Caspian, Grissom, and Herschel were each described as a "hot blue star" so consistently that we can give each a stellar class. But this class (O) could be any mass over 20 sols. Not useful for Keplerian purposes. Vamshi has major problems in that it is a binary system - one a white subgiant and the other a red giant.

Currently I am thinking up ways to derive the luminosity of suns from airless, dark (albedo=0) worlds with a known temperature and orbital-period. I had tried this for the Sparta-Tremanre system but I'd got Kepler's ratio inversed in those days (d'oh!).

I'm testing this out by calculating albedo in airless worlds: 1- [(distance2 * (273.15+temp)4) / (278.34 * luminosity)]. (http://www.shatters.net/forum/viewtopic.php?f=7&t=3154)

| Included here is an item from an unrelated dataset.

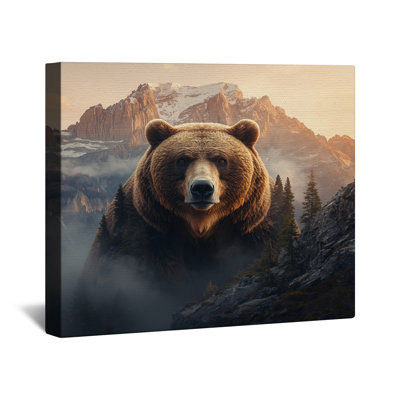 Grizzly Bear In Mountains Canvas Gallery Wrap in Many Sizes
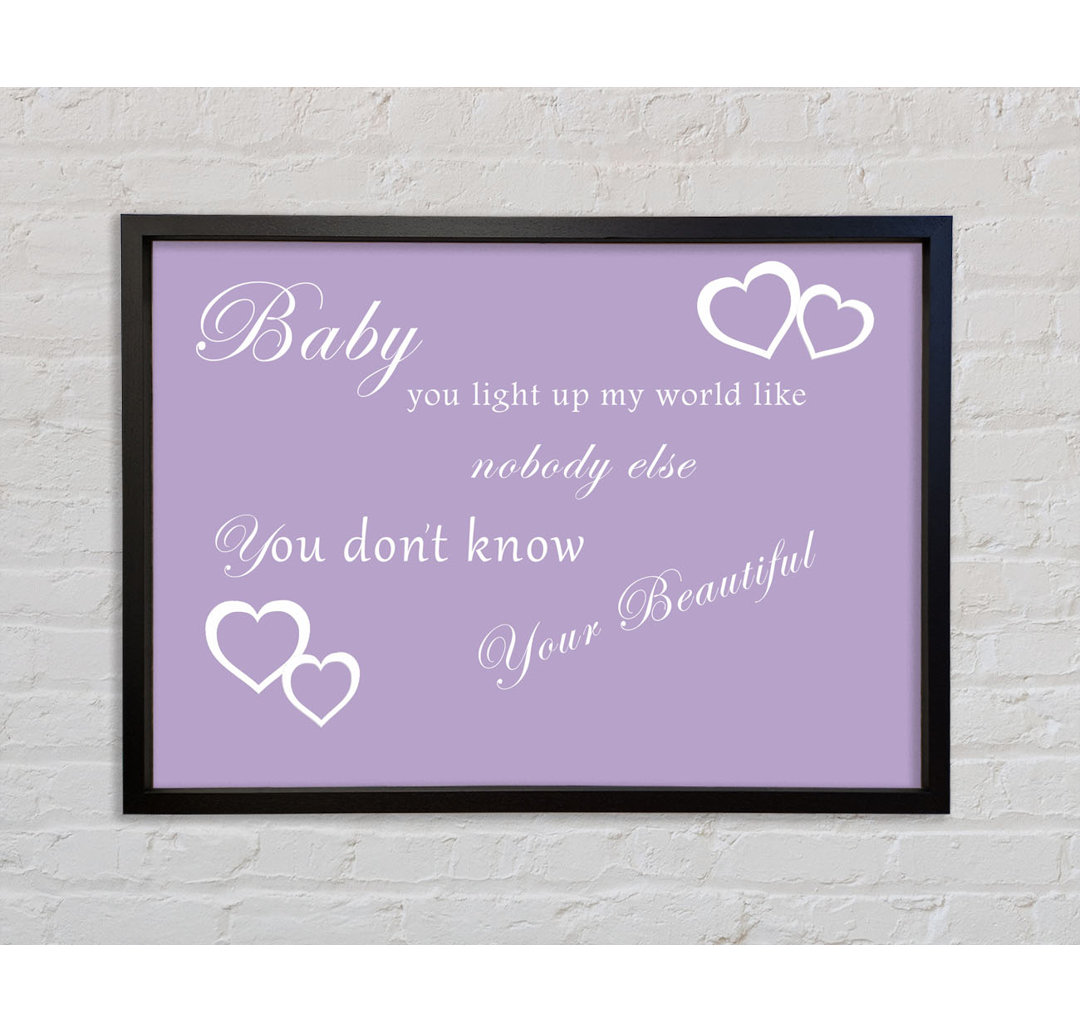 Musik Zitat Baby You Light Up My World 1D - Einzelbildrahmen Typografie auf Leinwand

The Cacus system is my laboratory. So, for Chohe, 1- (3.7 ^2 * (273.15+11)^4)/(278.3^4 * 6) = -1.48

[edit] So, what have we found?

The developers seem to have used orbital period as a proxy for distance from the sun, and to have rule-of-thumbed a set of planetary temperatures per system. When they added orbital distance, they tried and generally succeeded in maintaining Kepler's famous ratio across planets, and in relating this to the class of the star (M red dwarf, O/B blue giant, etc). So my initial thought that "Kepler is orbiting in his grave" turns out to be overwrought.

Where they fell down was in calculating those planetary temperatures. Almost all of these temperatures are too high, even assuming zero albedo. Atmosphere doesn't help when it doesn't exist or has no greenhouse properties; in fact I suspect some of these atmospheres (sulphur dioxide in particular) are smogs which shade the planet even more. I excused Chohe and the other Cacus planets as an effect of youth, but I was reluctant to make excuses for other systems. Kepler rests in relative peace; it's the irate husks of Stefan and Boltzmann whom the developers will have to keep at bay.

There's also a small problem with close to half of ME's "gas giants" - namely, they're not gas giants. The developers did keep their radii under 80000 km, saving them from hydrogen collapse and stellar fusion. Unfortunately they also copy-pasted "typical hydrogen-helium gas giant" too often. Gas giants don't exist below 60000 km at Saturn's temperature; any less than that, and the hydrogen hasn't enough mass to stick around. Of course the proverbial "hot Jupiter" hasn't a ghost of a chance at this radius. Anything at 25000 km or less, in particular, is in Uranus / Neptune territory. Also, if the planet is in an OB class system then its radius is inflated by extreme youth. I've mentioned this in their Trivia sections.